# HOW TO COMPLETE THIS TASK
Your job is to give again, exactly and with no additions, the lines in the records below from the one with "epa11785044 Britain's Prime" through the one with "Ärmelloser Jumpsuit in", both included. Omit the pictures.

# DATA
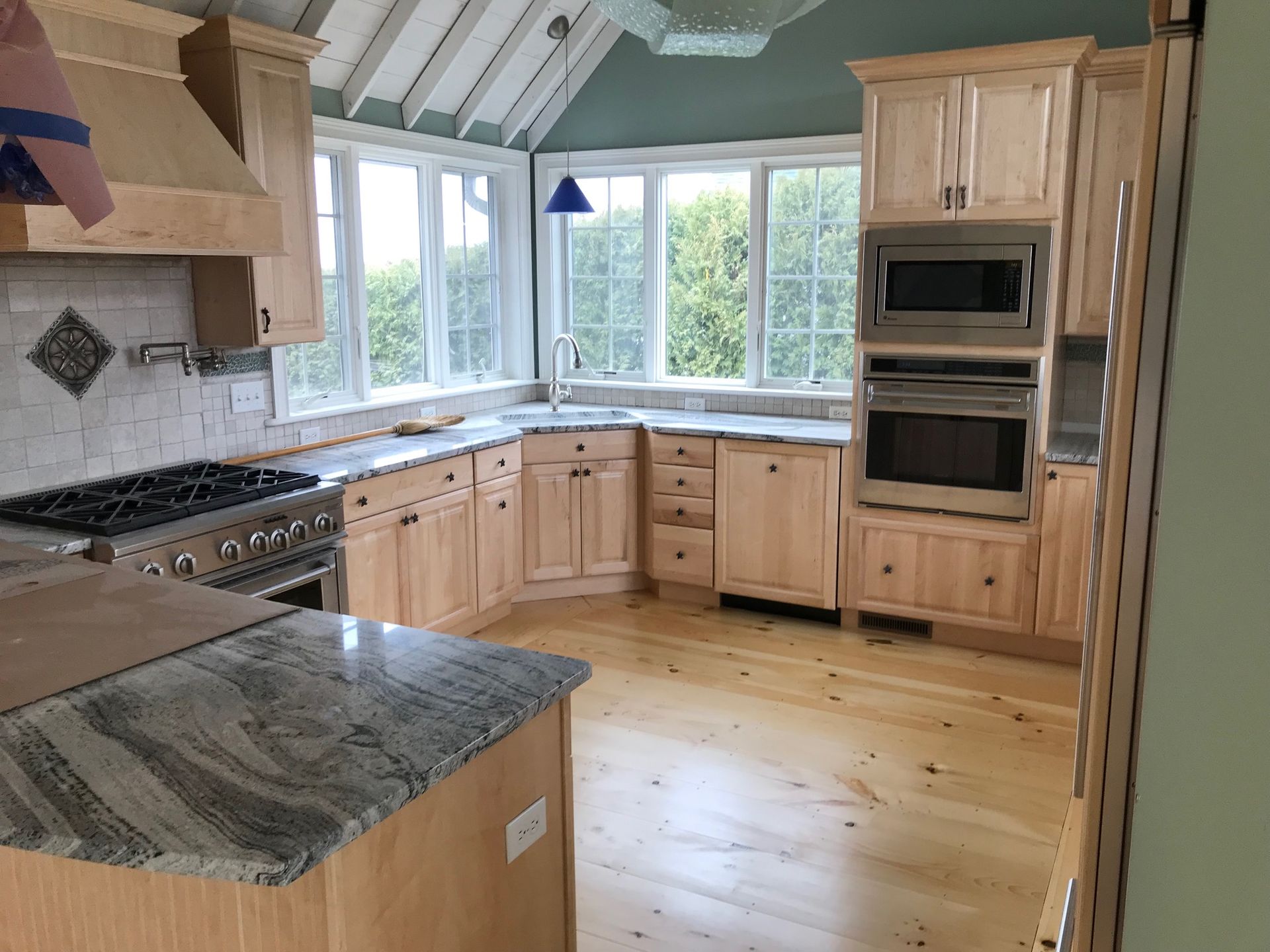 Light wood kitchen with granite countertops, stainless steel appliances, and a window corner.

---

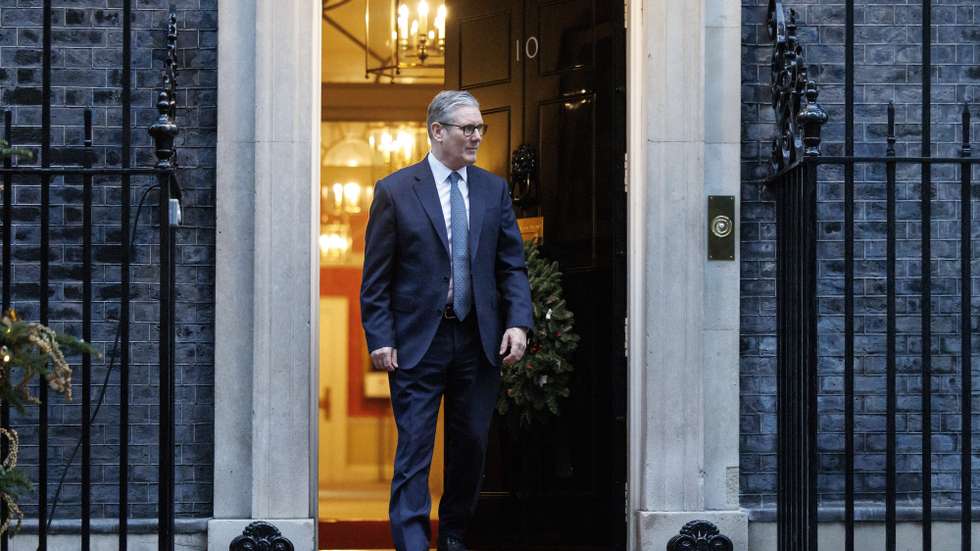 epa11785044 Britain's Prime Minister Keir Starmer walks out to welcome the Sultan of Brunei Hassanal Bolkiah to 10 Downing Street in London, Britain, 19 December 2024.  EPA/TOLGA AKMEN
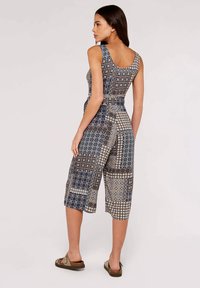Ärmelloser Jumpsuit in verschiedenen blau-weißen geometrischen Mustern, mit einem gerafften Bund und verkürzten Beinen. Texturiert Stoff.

--

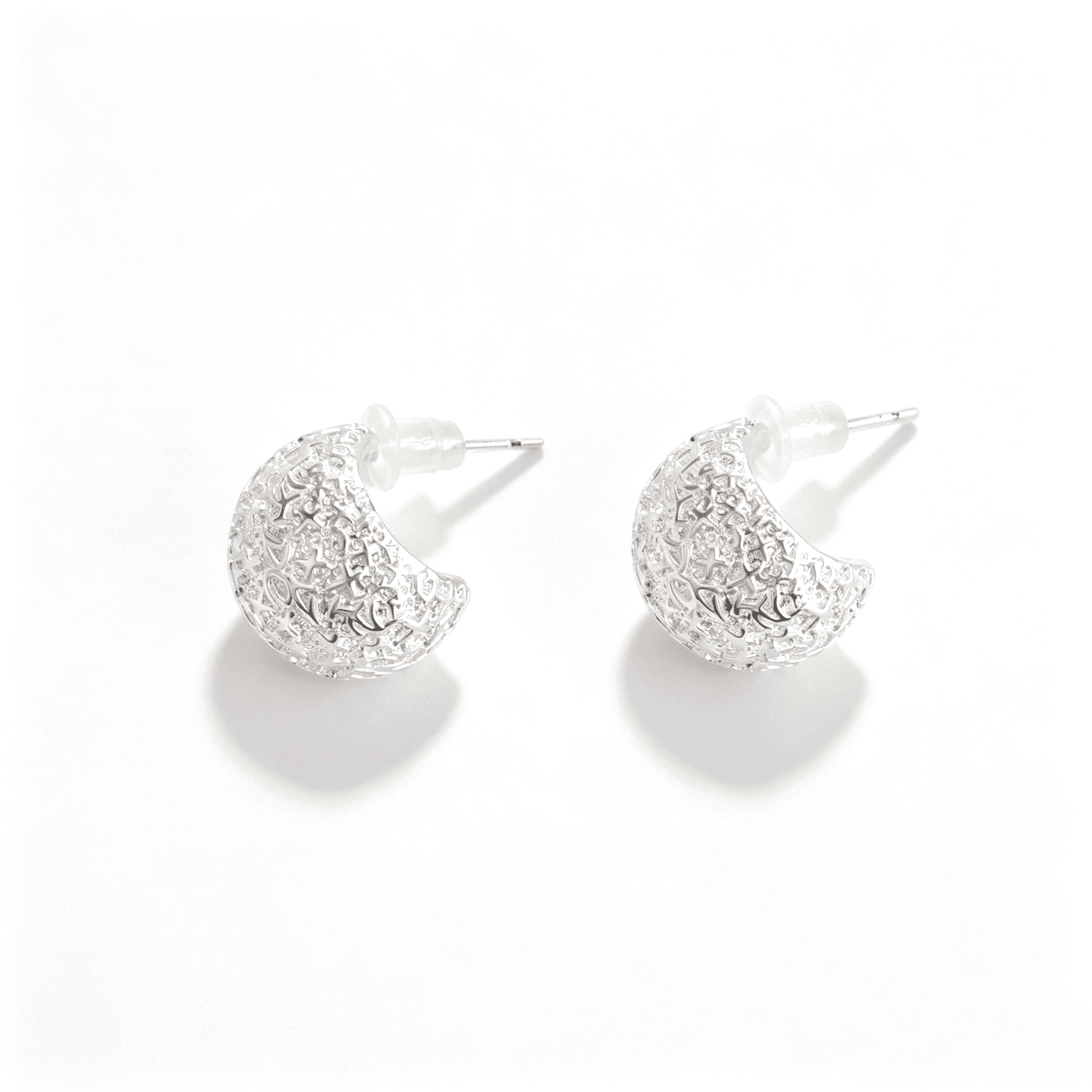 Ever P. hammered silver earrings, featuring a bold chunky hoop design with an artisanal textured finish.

# REPLY
 epa11785044 Britain's Prime Minister Keir Starmer walks out to welcome the Sultan of Brunei Hassanal Bolkiah to 10 Downing Street in London, Britain, 19 December 2024.  EPA/TOLGA AKMEN
Ärmelloser Jumpsuit in verschiedenen blau-weißen geometrischen Mustern, mit einem gerafften Bund und verkürzten Beinen. Texturiert Stoff.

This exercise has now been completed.